"It would depend," said Jim. "Upon how much I liked him, for one thing. Of course, I would go no distance if he tried to drive."

Evelyn smiled. "Well, I suppose you can take a bold line. If one has pluck, it sometimes pays. At all events, it's flattering to feel one can be oneself. No doubt, you all develop your individuality in Canada."

"We are rather an independent, obstinate lot," Jim owned. "I expect this comes from living in a new country. When you leave the cities, you have nobody to fall back on. You have got to make good by your own powers and trust yourself."

"Ah," said Evelyn, "one would like to trust oneself! To follow one's bent, or perhaps, one's heart, and not bother about the consequences." She was silent a moment and then resumed with a soft laugh: "But unless one is very brave, it's not often possible; there are so many rules."

Jim felt sympathetic. She had laughed, but he thought the laugh hid some feeling. She was generous and strangely refined; Mrs. Halliday was conventional and calculating, and the girl rebelled.

"I expect our host broke a number of the rules," he remarked.

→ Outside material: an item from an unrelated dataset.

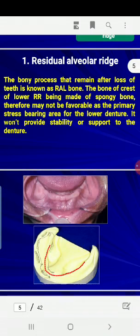The residual alveolar ridge is the bone process that remains after extraction of teeth. It does not provide primary support to the denture — the buccal shelf area is considered the primary support area.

"He did and he paid. Bernard was not rich and when he opened the Brunstock mines nobody would help him. When he sold his farms to buy pumps and engines there was a quarrel with your grandfather and perhaps Bernard has some grounds for bitterness. I don't know if it's strange, but while Joseph Dearham was a plain country gentleman, Bernard, after getting rich in business, wears the stamp of the old school."

Jim agreed. Bernard was obviously not fastidious, like his relatives, but he had the grand manner. This was not altogether what Jim meant, but perhaps it got nearest.

"I think it's because he's fearless—one sees that," he said. "Shabbiness and awkwardness come when one's afraid."

"It's possible," Evelyn answered, with a curious smile. "One hates to be shabby but sometimes one is forced. Pluck costs much."